Singh will be holding an afternoon worship session on Grand Valley State University’s Allendale Campus prior to his lecture at the DeVos Center. For more information on the worship session, contact Katie Gordon, program manager at the Kaufman Interfaith Institute, at [email protected].
This event is LIB 100/201 approved.
2017 Mosaic Lecture to feature UM professor, Native American mathematician
The 2017 Mosaic Lecture will be given by Robert Megginson, an Alfred F. Thurnau professor at the University of Michigan, Wednesday, March 29, at 7:30 p.m. in Grand Valley State University’s Manitou Hall, Room 122. He will be focusing on the mathematical and counting system used by Native Americans and the historical and cultural issues this system has faced.
The Mosaic Lecture series is a celebration of different cultures and societies and the contributions they have made to the field of mathematics. Following Megginson’s lecture, there will be a dessert reception. This event is LIB 100/201 approved.
GV named ‘Voter Friendly Campus’
Grand Valley State University has recently received the “Voter Friendly Campus” designation from the Campus Vote Project and the National Association of Student Personnel Administrators. GVSU is one of 83 universities across the country to receive the award.
The award is given to universities that planned and administered practices on their campuses that encouraged voter participation among students and helped students to register to vote in the 2016 general election. During the fall of 2016, GVSU held about 16 voter drives in an effort to register students and broke the record for the university with the most registration applications submitted in a single day at the secretary of state mobile unit.
Talk to focus on Spanish women traversing Atlantic in 18th century
Author Allyson Poska will be speaking about her newest book, “Reconsidering the Spanish Atlantic: How Women’s Lives Reframe Spain’s Early Modern Empire,” Monday, March 27, at 4 p.m. in Grand Valley State University’s Holton-Hooker Learning and Living Center Multipurpose Room.
In addition to being an author, Poska is a history professor and the director of women and gender studies at the University of Mary Washington.

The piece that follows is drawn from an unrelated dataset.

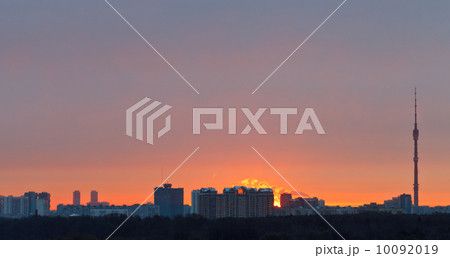 Early pink dawn over city in spring Early pink dawn over city in spring 10092019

Her book talks about a Spanish plan that recruited poor women and their families to settle a colony in Patagonia, a region of Argentina. The book focuses on the women’s journey across the Atlantic and the hardships they ran into while on the ocean.
Poska will be speaking on the book and the role of women during imperialism in 18th-century Europe. This event is LIB 100/201 approved.